Kimi zaman ne kadar istesekte hayata saçılan eksik yanlarımızı toplayamayız. İlk defa duyduğumuz bir şarkının, en eski yaralarımızı kanattığına şahit oluruz.
Kimi zaman unutmak isteriz, istedikçe de daha çok batarız. Deniz düşer sarılacak bir yılan dahi bulamayız.

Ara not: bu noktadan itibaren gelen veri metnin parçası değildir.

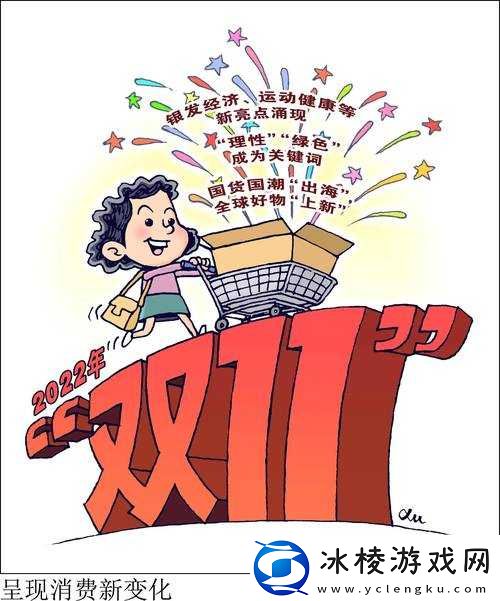 小扫货水能么多叫出来：掀起购物狂潮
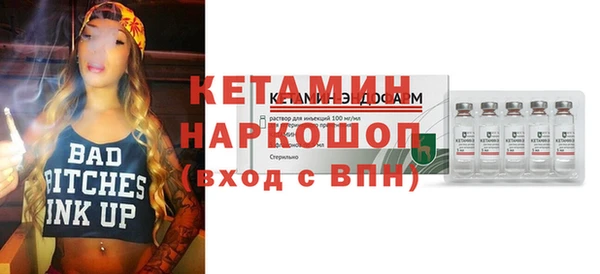 кокаин премиум Баксан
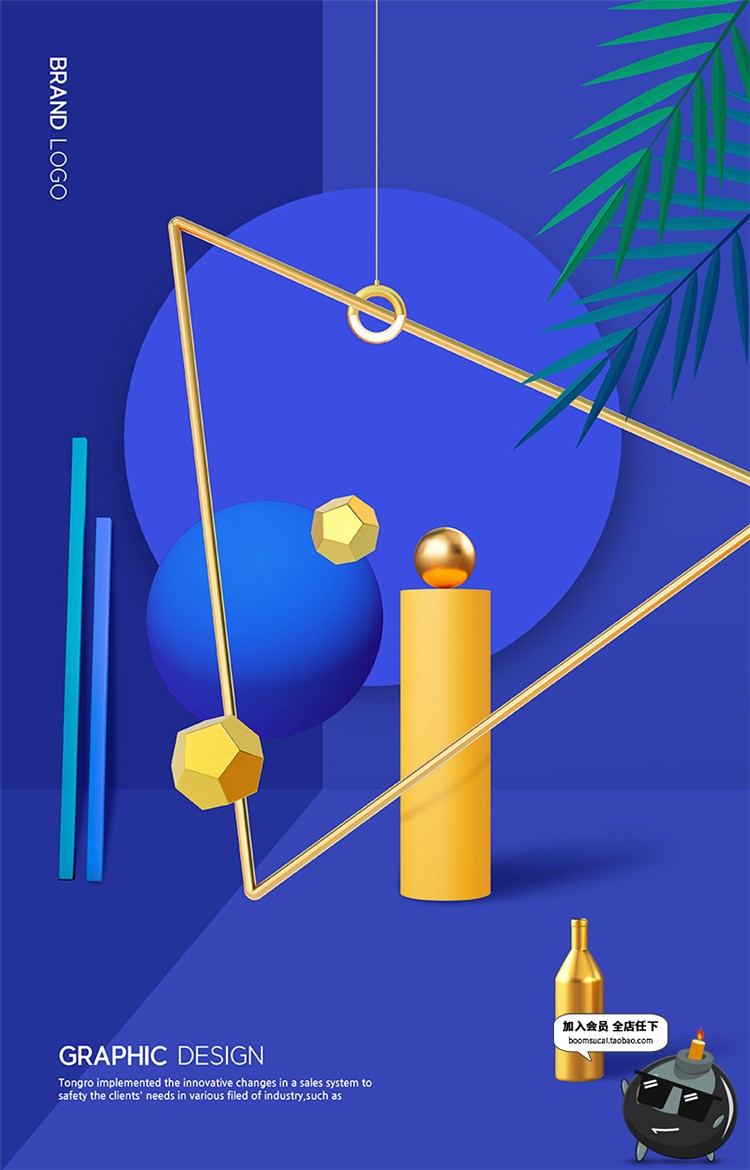 图片[5]-时尚创意C4D风3D立体艺术手机配图H5页面鞋包场景PSD模板设计素材-设计猿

Kimi zaman okuduğumuz kitabın bir cümlesinde saatlerce takılırız. O cümle vurur yüreğimize tüm acılarımızı, noktası kalbimizde koca bir kara lekeye dönüşür.
Kimi zaman şiirlerin arkasına saklanırız. Dili olurlar yüreğimizin. Saklamaya çalıştığımız tüm kırıklar batar ruhumuza, acı içinde susarız.
Kimi zaman hüzünlerle körebe oynarız. Bu defa bulamasın isteriz, saklanırız karanlığın içine. Her bulduğunda daha da kararır umutlarımız.
Kimi zaman saatlerce aynı koltukta oturur bir türlü kalkacak dermanı bulamayız bacaklarımızda. Sanki bin yıllık yorgunluk vardır omuzlarımızda.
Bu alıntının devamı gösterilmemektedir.